Brown University is being sued over an alleged violation of antitrust laws by denying student-athletes athletic scholarships and compensation for their services. Last week, attorneys representing Grace Kirk ‘24, a women’s basketball team member, and Tamenang Choh ‘21 MPA ’22 filed a lawsuit seeking class-action status to represent all current and former athletes at the eight Ivy League schools dating back to those recruited since March 2019. By not awarding athletic scholarships to their student-athletes, all eight Ivy League schools and the Ivy League Council of Presidents, which coordinates Ivy League athletics, are being sued for illegally allegedly conspiring and financially restricting athletes who otherwise could have pursued scholarships to cover their tuition and fees.

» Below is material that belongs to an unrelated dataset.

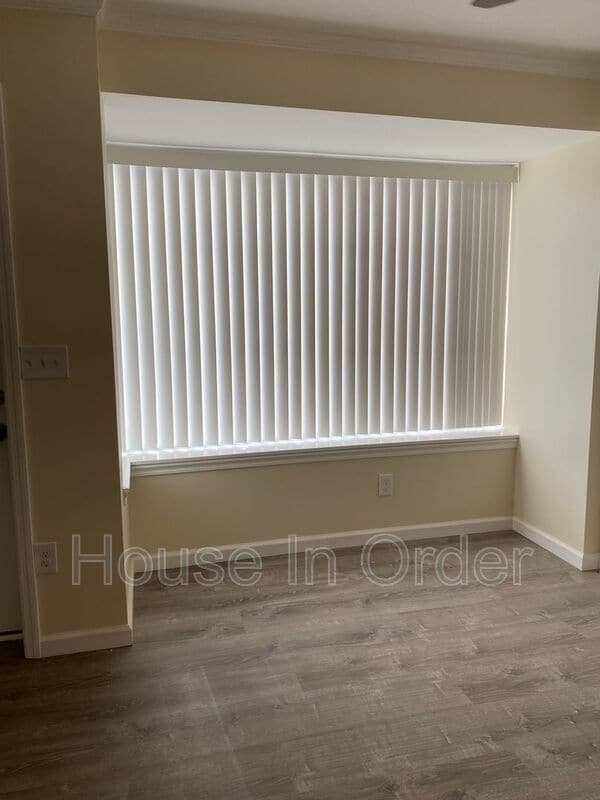 Foto del edificio - 790 N Grove St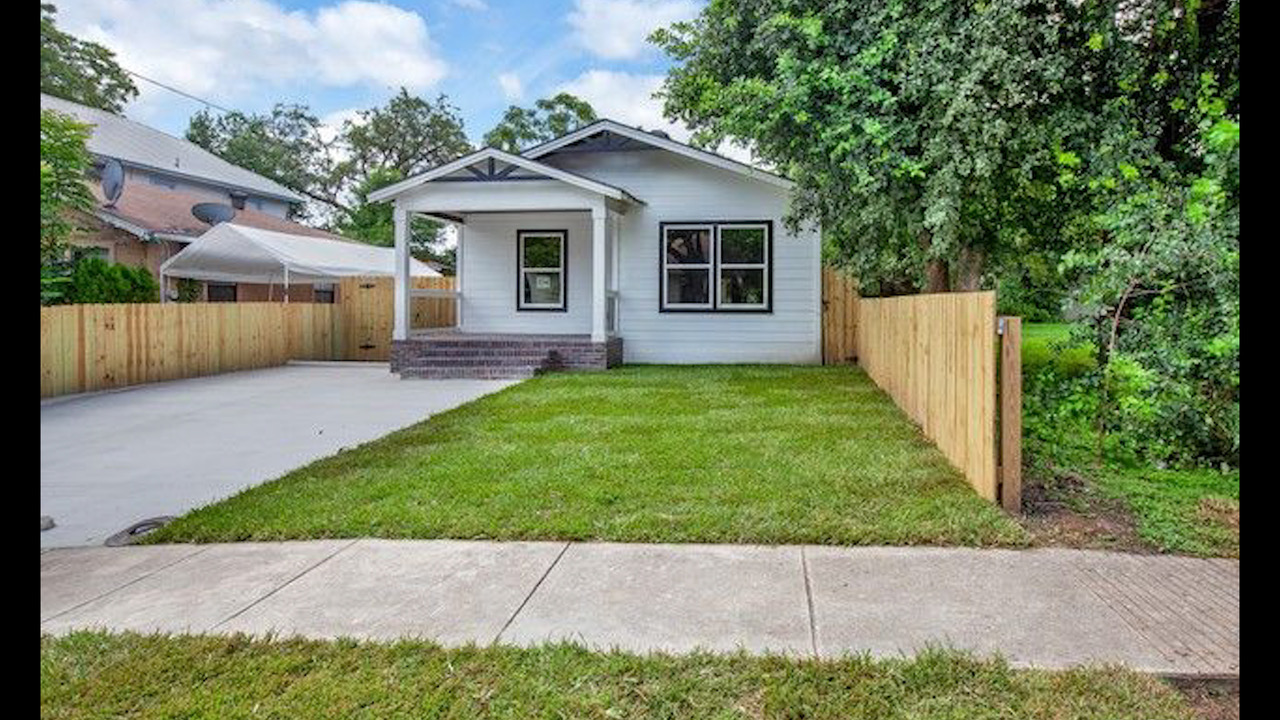 618 East Evergreen Street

Harvard, Yale, Brown, Princeton, Dartmouth, Cornell, Columbia, and UPenn do not offer merit scholarships, including athletic scholarships, under the “Ivy League Agreement” since 1954. Thus, Brown University and the rest of the Ivy League are the only 8 of the 350 total Division I NCAA universities that do not offer scholarships for their student-athletes. In fact, the lawsuit argues how the Ivy League Agreement has “direct anticompetitive effects, raising the net price of education that Ivy League athletes pay and suppressing compensation for the athletic services they provide to the University Defendants.” While the defendants contend that prospective athletes have the choice of attending academically similar colleges with comparable athletic programs that offer athletic scholarships, this does not negate the fact that the Ivy League continues to violate antitrust laws.

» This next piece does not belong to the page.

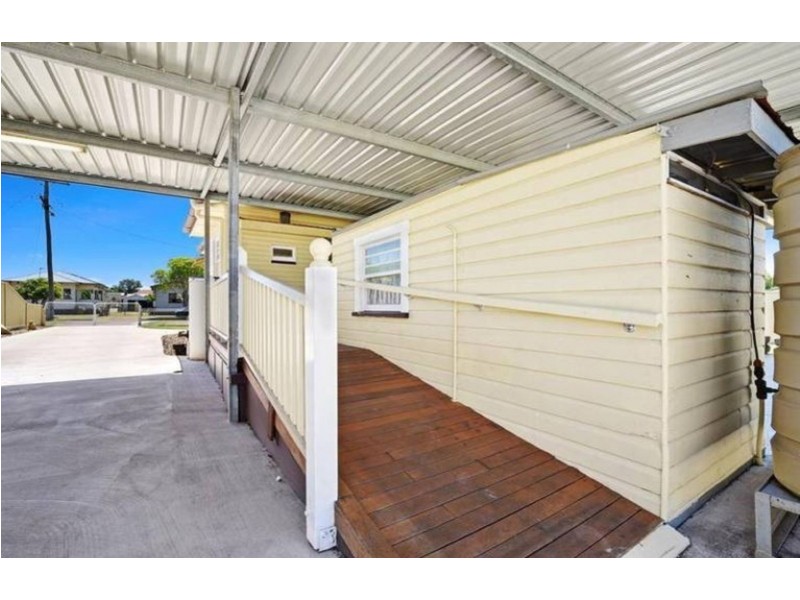 2 Ranfurley Street, Newtown QLD 4350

The lawsuit highlights how the Ivy League Agreement infringes the Sherman Antitrust Act of 1890, which “prohibits competing businesses, including colleges, from colluding in ways that harm competition,” according to Michael McCann, director of the Sports and Entertainment Law Institute at the University of New Hampshire. In other words, by the Ivy League not offering athletic scholarships, they are “artificially suppressing” competition for those students who are “both elite students and elite athletes” seeking to play at the Division I level. If Brown University was to not offer athletic scholarships on its own, a lawsuit would no longer be viable under antitrust law; however, what is extremely concerning is the collaboration among Ivy League schools to all purposely not offer athletic scholarships, especially when they can afford it. Brown University’s $6.5 billion endowment, combined with the other Ivy League schools whose endowments collectively exceed $170 billion, demonstrate their ability to afford to offer athletic awards to their student-athletes, especially when these athletes’ performances bolster their institutional “revenue and prestige.”

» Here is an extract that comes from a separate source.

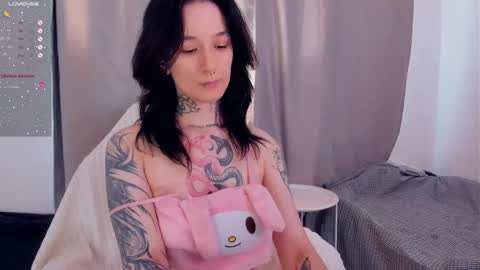 Snapshot of katrina_h0w chatting on May 7, 4:07 am katrina_h0w online show from May 7, 4:07 am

University Spokesperson Brian Clark asserted to the Brown Daily Herald how the lawsuit “has no merit” and pointed to Brown’s commitment to meeting 100% of every undergraduate’s demonstrated financial need. While Brown must complete the full demonstrated financial need of all applicants, the institution is not exempt from not complying with antitrust law and is more than fully capable of maintaining its reputation for academic excellence while properly compensating athletically high-achieving students. Especially when the Supreme Court ruled unanimously in the landmark NCAA v. Alston case that the NCAA limiting athlete compensation for academic-related costs violates antitrust law, the Ivy League should reconsider their decision to collectively decline to offer athletic scholarships as the lawsuit claims this similarly hinders competition.
Even if the lawsuit rules in favor of the Ivy League, Brown University can demonstrate its commitment to student-athletes’ well-being by supporting its athletes financially.